### WORK TO COMPLETE
Would you please copy the part of the material below that opens with the line containing "Изтребител минава над" and closes with the line containing "3-4 inch Volcanic"? Copy it exactly, and only it.

### PROVIDED INFORMATION
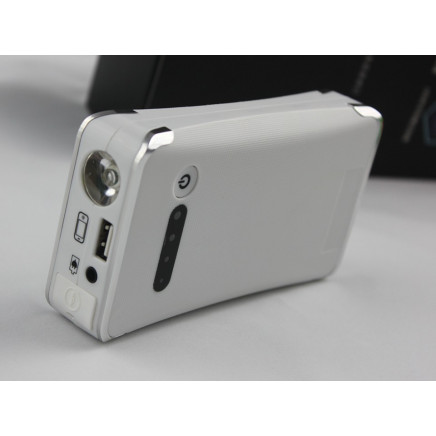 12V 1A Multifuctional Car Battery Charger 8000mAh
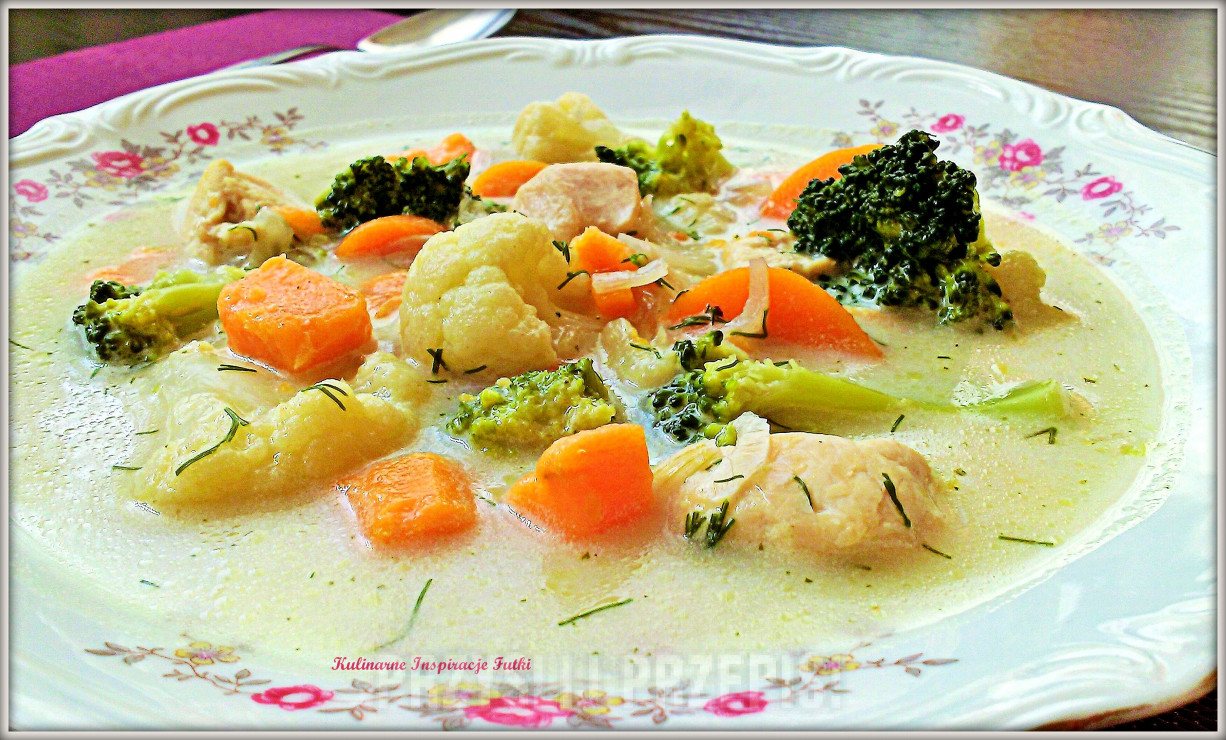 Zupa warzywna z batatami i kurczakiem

...

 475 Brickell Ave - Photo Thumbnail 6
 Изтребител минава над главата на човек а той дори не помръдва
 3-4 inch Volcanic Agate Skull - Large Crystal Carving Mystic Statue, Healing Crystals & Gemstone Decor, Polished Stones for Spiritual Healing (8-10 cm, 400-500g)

==

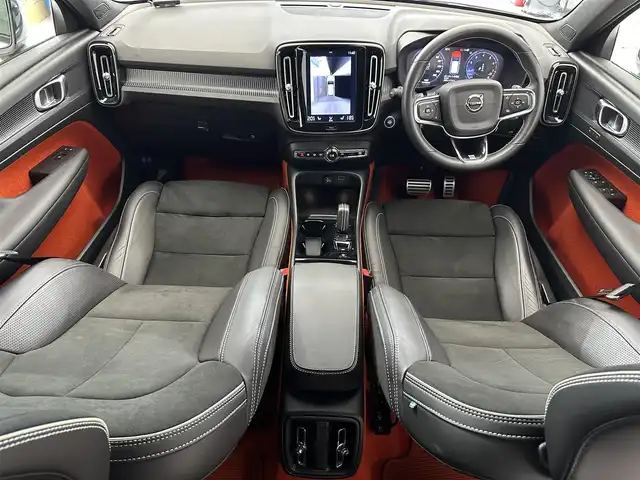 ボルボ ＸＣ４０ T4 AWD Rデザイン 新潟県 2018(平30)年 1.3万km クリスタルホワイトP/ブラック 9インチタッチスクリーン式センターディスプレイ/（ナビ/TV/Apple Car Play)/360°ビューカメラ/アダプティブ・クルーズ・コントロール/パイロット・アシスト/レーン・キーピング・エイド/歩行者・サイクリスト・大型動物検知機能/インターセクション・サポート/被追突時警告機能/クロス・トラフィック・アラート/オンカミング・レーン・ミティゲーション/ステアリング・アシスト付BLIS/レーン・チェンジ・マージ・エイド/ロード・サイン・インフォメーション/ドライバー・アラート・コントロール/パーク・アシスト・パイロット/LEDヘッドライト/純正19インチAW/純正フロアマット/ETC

### RESPONSE AREA
 Изтребител минава над главата на човек а той дори не помръдва
 3-4 inch Volcanic Agate Skull - Large Crystal Carving Mystic Statue, Healing Crystals & Gemstone Decor, Polished Stones for Spiritual Healing (8-10 cm, 400-500g)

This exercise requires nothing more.